An Jesus zu glauben, das heißt: da ist eine Macht, die uns trägt, während wir glauben, im Meer zu versinken; da ist eine Stimme, die uns fragt, wer wir sind, während wir uns selber schon nicht mehr verstehen; da umhüllt uns ein Schutz, der es uns ermöglicht, auf Gewalt nicht länger mit Gegengewalt und auf Angst nicht länger mit dem Antiterror noch größerer Angstverbreitung zu reagieren; da schauen uns Augen an, so gütig, verstehend und traurig und froh, dass wir es unter ihnen wagen können, egal, was passiert ist, uns selbst wieder in die Augen zu schauen; da ist ein Vertrauen in uns gesetzt, das uns die Kraft gibt, an uns selber wieder zu glauben und „hinzugehen und nicht mehr zu ‚sündigen‘“.

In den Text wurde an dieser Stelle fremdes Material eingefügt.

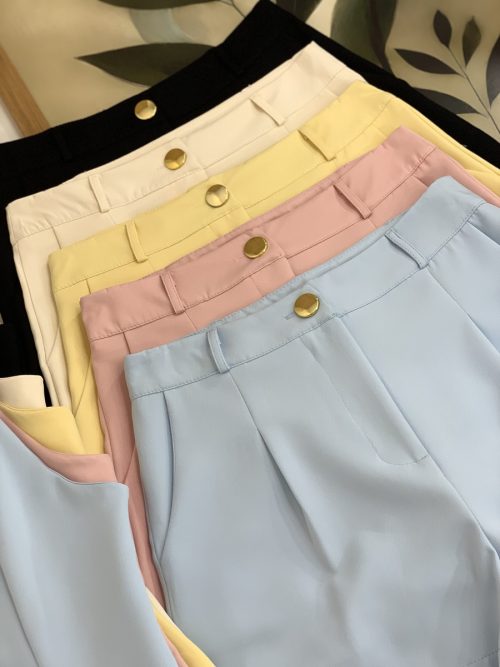 ADA2B6ED-AFBC-434F-8FF9-B98D744200CA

Im Jahre 1895 war der libanesische Dichter Khalil Gibran zwölf Jahre alt, als er auf Englisch ein Versgedicht verfasste, das den Titel trägt: Jesus klopft an das Himmelstor. Mit der Sehnsucht und der Sensibilität eines zutiefst religiösen Knaben stellt Gibran sich darin vor, wie Jesus am Ende seines Lebens vor Gott hintritt, um ihm all die Menschen anzuvertrauen, die inmitten der Gnadenlosigkeit der Welt nicht haben leben können ohne ihn und die er gerade deshalb mit sich nahm auf seinen Weg in eine andere, „väterlichere“, das heißt, im Grunde „mütterlichere“ Welt. Das Gedicht des jungen Gibran lautet:
Vater, mein Vater, öffne dein Tor!
Ich bringe eine glänzende Gesellschaft mit.
Öffne das Tor, dass wir eintreten können.

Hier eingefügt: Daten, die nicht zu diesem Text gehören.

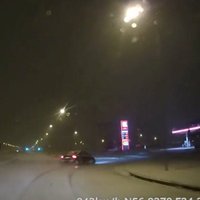 Video: Autovadītājs uz sniegotas ielas netrāpa pagriezienā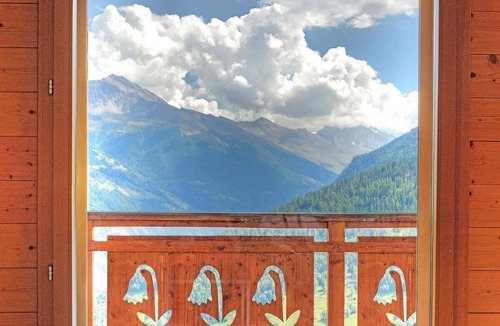 Heremence Ski Chalet | Chalet, sauna, balcony, fireplace or stove, parking, tv, 135m², Thyon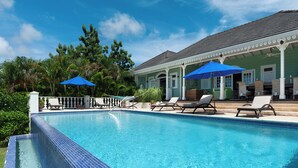 Outdoor pool - Azure Horizon sea view villa (Lower Carlton)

Jeder und alle sind wir die Kinder deines Herzens.
Öffne, mein Vater, öffne dein Tor.
Vater, mein Vater, ich klopfe an dein Tor.
Ich bringe einen Dieb, der heute mit mir gekreuzigt wurde.
Denn auch er ist eine sanfte Seele,
und er möchte dein Gast sein.
Er stahl einen Laib für den Hunger seiner Kinder.
Aber ich weiß, das Leuchten seiner Augen würde dir gefallen.
Vater, mein Vater, öffne dein Tor.
Ich bringe eine Frau, die sich der Liebe schenkte,
und sie hoben Steine auf gegen sie, aber
ich kenne dein liebendes Herz und hielt sie zurück.
Die Veilchen sind nicht verwelkt in ihren Augen,
und dein April ist noch auf ihren Lippen.
Ihre Hände halten noch die Ernte deiner Tage,
und jetzt möchte sie mit mir eingehen in dein Haus.
Vater, mein Vater, öffne das Tor.
Ich bringe dir einen Mörder,
einen Mann mit Zwielicht auf dem Gesicht.
Er jagte für seine Jungen,
aber unklug jagte er.
Die Wärme der Sonne war auf seinen Armen,
der Saft deiner Erde war in seinen Adern;
und er verlangte Fleisch für seine Leute,
da Fleisch verwehrt war,
aber sein Bogen und Pfeil waren zu schnell,
und er beging einen Mord.
Darum ist er jetzt bei mir.
Vater, mein Vater, öffne dein Tor.
Ich bringe einen Trunkenbold mit,
einen Mann, den nach anderm dürstete als dieser Welt.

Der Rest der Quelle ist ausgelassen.